## Your goal
Repeat exactly what runs from the line with "realistic orange CD" through the last line of the material, and keep the pictures out of it.

## Data excerpts
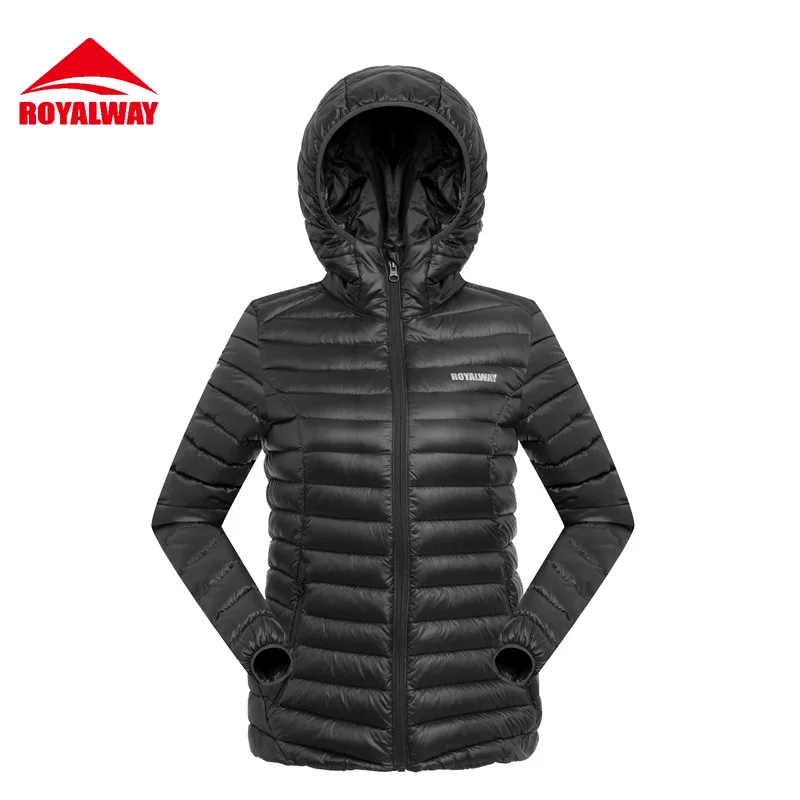 

ROYALWAY Winter Women Long Down Outwear Ultralight Hooded Warm J Rabbit Fur Collar High Quality #RFDL4187G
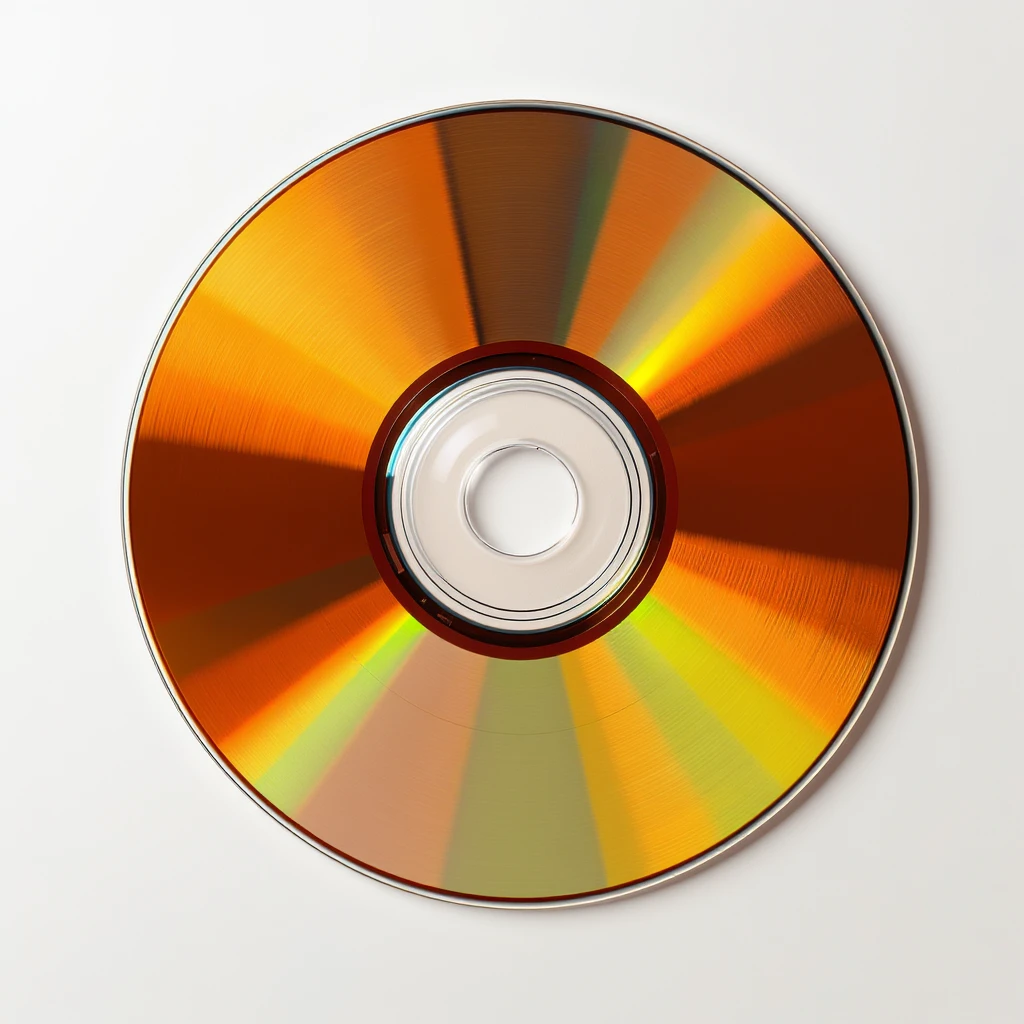 realistic orange CD disk, photorealistic style, metallic shine, reflective surface, no text emoji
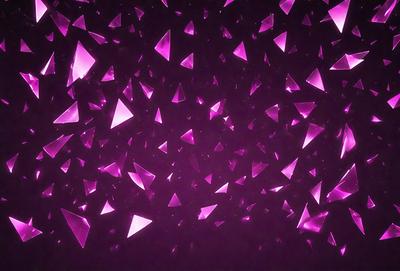 The primary subject of the image is a purple background with a pattern of pink triangles. The setting appears to be a dark room, and the visual style is a combination of digital art and illustration. The dominant colors are purple and pink, creating a mood of calmness and tranquility.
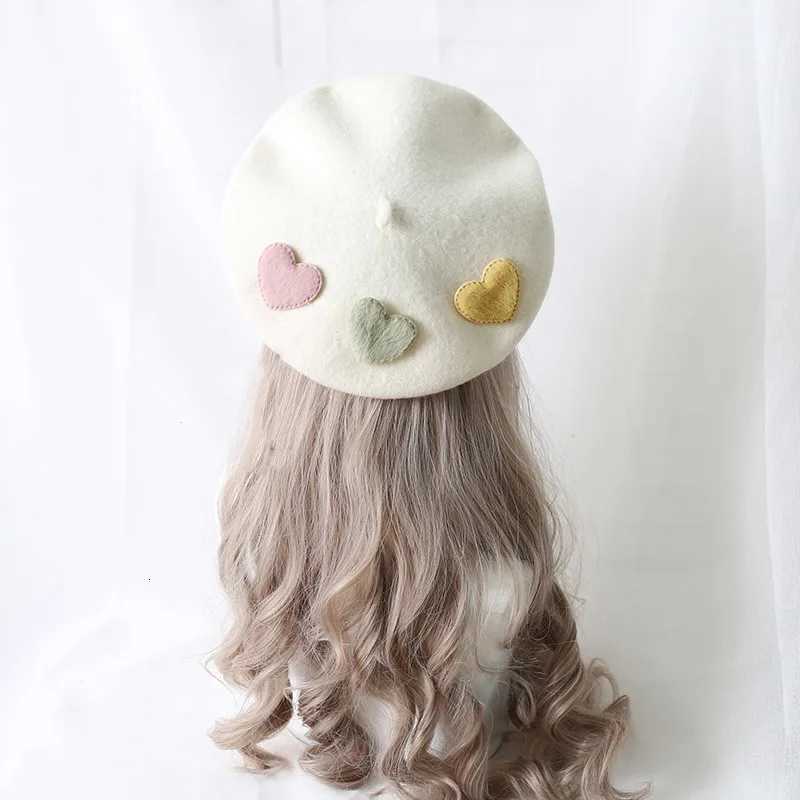Cute Girls Kaii Little Beret Sweet Lolita Purple Ear Beanies Hat Handmade Wool Felt Women Beret Wholesale XJ250807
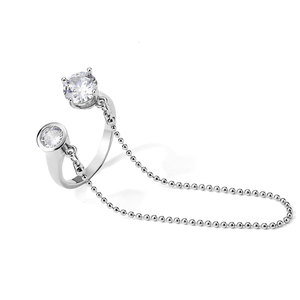 Bague ouverte tendance RAKOL RP2159 2025 en argent avec chaîne ajustable, bague unique en argent 925 - Product Image 3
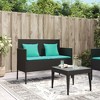 vidaXL Patio Bench with Cushion, Black Poly Rattan - 4 of 4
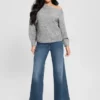 Poa Metallic Off-Shoulder Sweater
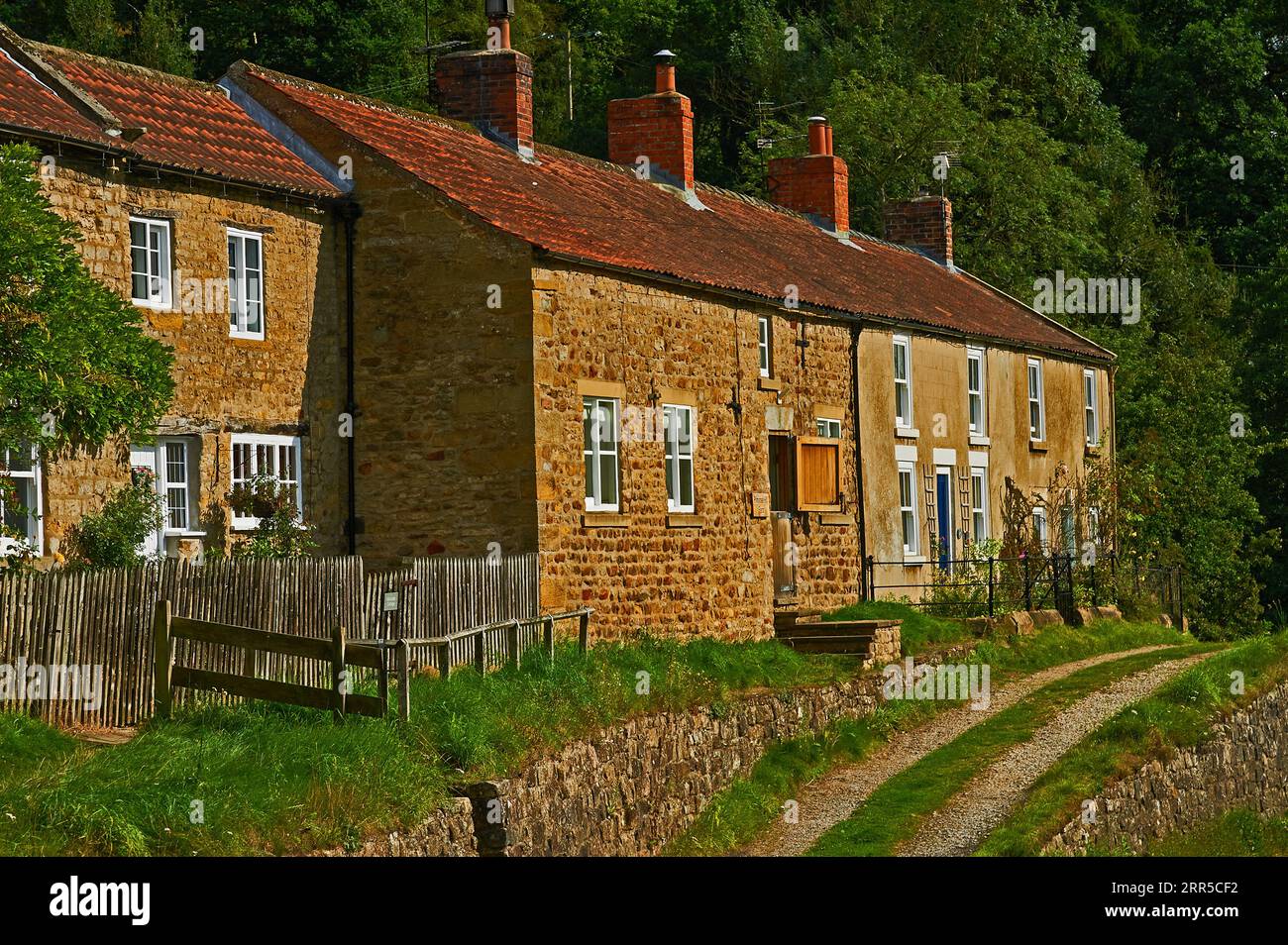 Hutton le Hole est un village pittoresque dans le parc national du North Yorkshire, avec le Fairy Call Beck qui traverse le centre de celui-ci. Banque D'Images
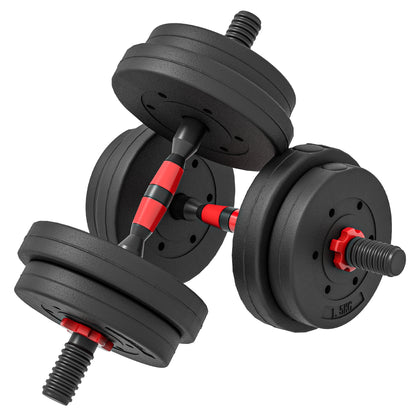 HOMCOM 2-in-1 Adjustable Dumbbell & Barbell Set 15kg | Home Gym Free Weights | Bicep Curl, Squat & Press Training | Black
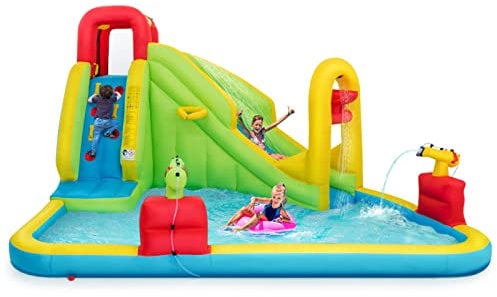 DREAMADE Parco Acquatico per Bambini, Castello Gonfiabile da Gioco in Tessuto Oxford Ispessito, con Scivolo, Parete da Arrampicata e Piscina Divertente, 400x335x230 cm (Senza Ventilatore)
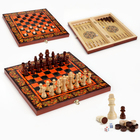 Настольная игра 3 в 1 "Хохлома красная": шахматы, шашки, нарды, деревянные большие 40х40 см - фото 321618691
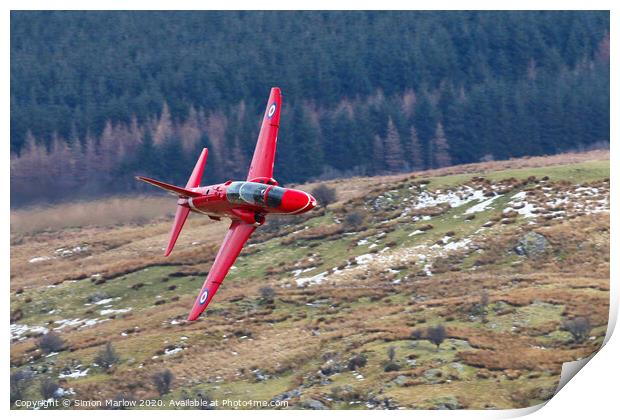 Red Arrows Hawk low level in North Wales Print by Simon Marlow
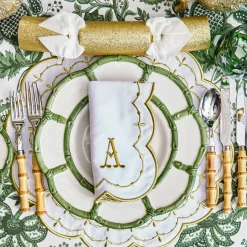 Olivia White & Gold Napkins (Set of 4)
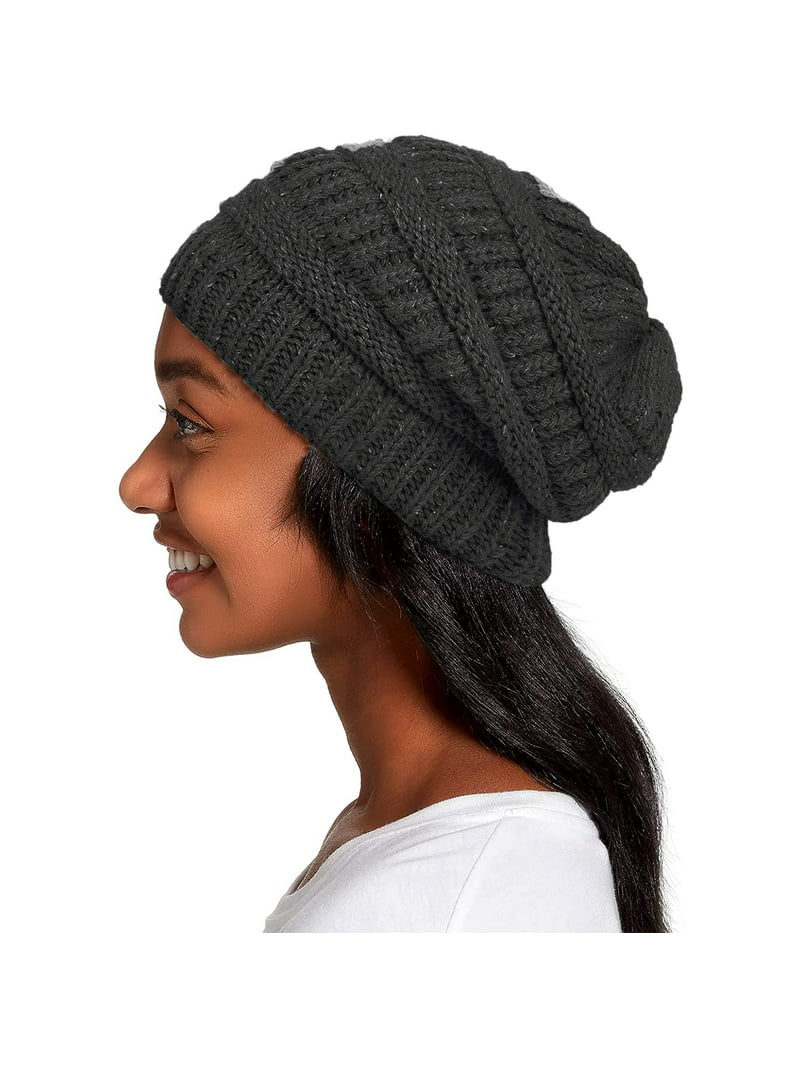 Alexander Winter Cute Knit Beanie Hat for Girls Lined Skull Cap, Black - Walmart.com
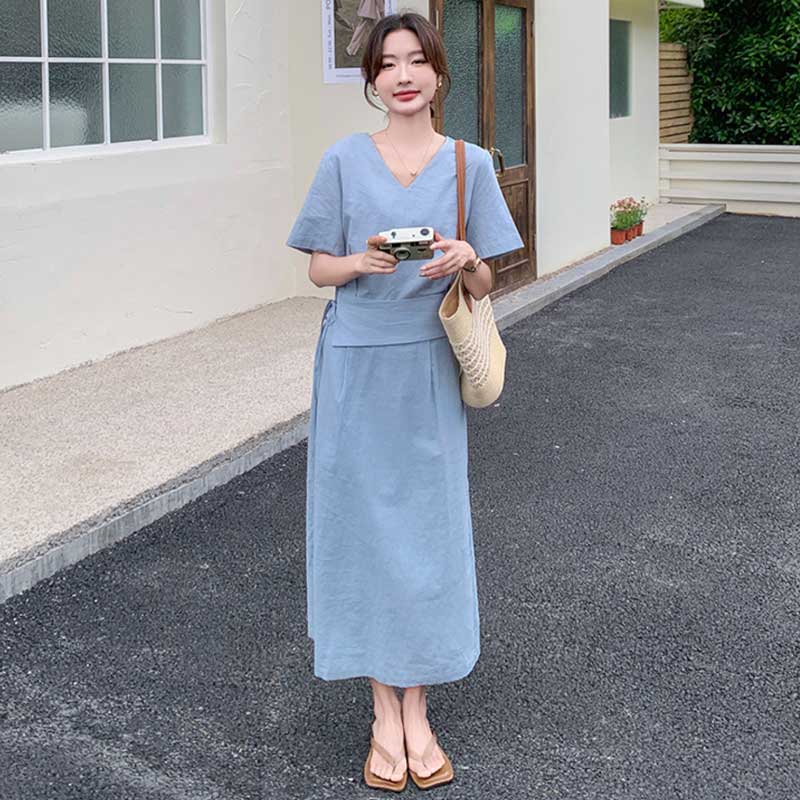 ウエストマークVネックワンピース(3colors)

## Answer to this exercise
 realistic orange CD disk, photorealistic style, metallic shine, reflective surface, no text emoji
 The primary subject of the image is a purple background with a pattern of pink triangles. The setting appears to be a dark room, and the visual style is a combination of digital art and illustration. The dominant colors are purple and pink, creating a mood of calmness and tranquility.
Cute Girls Kaii Little Beret Sweet Lolita Purple Ear Beanies Hat Handmade Wool Felt Women Beret Wholesale XJ250807
 Bague ouverte tendance RAKOL RP2159 2025 en argent avec chaîne ajustable, bague unique en argent 925 - Product Image 3
 vidaXL Patio Bench with Cushion, Black Poly Rattan - 4 of 4
 Poa Metallic Off-Shoulder Sweater
 Hutton le Hole est un village pittoresque dans le parc national du North Yorkshire, avec le Fairy Call Beck qui traverse le centre de celui-ci. Banque D'Images
 HOMCOM 2-in-1 Adjustable Dumbbell & Barbell Set 15kg | Home Gym Free Weights | Bicep Curl, Squat & Press Training | Black
 DREAMADE Parco Acquatico per Bambini, Castello Gonfiabile da Gioco in Tessuto Oxford Ispessito, con Scivolo, Parete da Arrampicata e Piscina Divertente, 400x335x230 cm (Senza Ventilatore)
 Настольная игра 3 в 1 "Хохлома красная": шахматы, шашки, нарды, деревянные большие 40х40 см - фото 321618691
 Red Arrows Hawk low level in North Wales Print by Simon Marlow
 Olivia White & Gold Napkins (Set of 4)
 Alexander Winter Cute Knit Beanie Hat for Girls Lined Skull Cap, Black - Walmart.com
 ウエストマークVネックワンピース(3colors)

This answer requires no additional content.